Wednesday, January 23, 2013

Meen Kuzhambu/ Tangy Fish Curry

A lot of people have asked me on why there is only one non-vegetarian recipe in Crimson Spice. Simple reason - I prefer vegetarian food. But the same cannot be said of the staunch carnivores  who are part of my  family. So here is a simple South Indian Fish Curry recipe for all you carnivores out there. Hopefully I should be able to post more non-vegetarian recipes as I try catering to the non-vegetarians at home.

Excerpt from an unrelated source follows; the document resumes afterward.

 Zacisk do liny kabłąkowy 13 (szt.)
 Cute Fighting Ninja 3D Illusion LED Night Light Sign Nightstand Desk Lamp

MEEN KUZHAMBU / TANGY FISH CURRY



Ingredients:

Fish -1/2 kg (I have used snapper. Refer notes)
Pearl Onions - 5 or 6, sliced
Tamarind - Lemon Size
Red Chilly Powder/Sambar powder - 1T
Turmeric - 1t
Mustard Seeds - 1t
Fenugrek - 1t
Asafoetida - a pinch
Vadagam - 1 t (optional)
Salt to taste

Grind to a paste

3 large onions
2 tomatoes
4 cloves of garlic
1/4 cup curry leaves



Method:

1. Wash and clean the fish. Cut into big chunks.
2. Soak the tamarind in water and extract the paste.
3. Heat oil in a saucepan. When the oil is hot, add mustard seeds, fenugreek, asafoetida.
4. Add the pearl onions and fry well.
5. Add the ground paste, red chilly powder and turmeric and fry well until the raw smell goes.
6. Add the tamarind paste and bring to a boil.
7. Add the fish pieces and salt and continue boiling until the fish is cooked and you can see the oil leave the sides of the pan.
8. Serve with plain rice.

Notes:
  • Any kind of fish would work for this recipe. I prefer ones with less bones.
  • This can be kept without refrigeration for 3 days and upto a week in the fridge. The dish is thought to taste better the next day.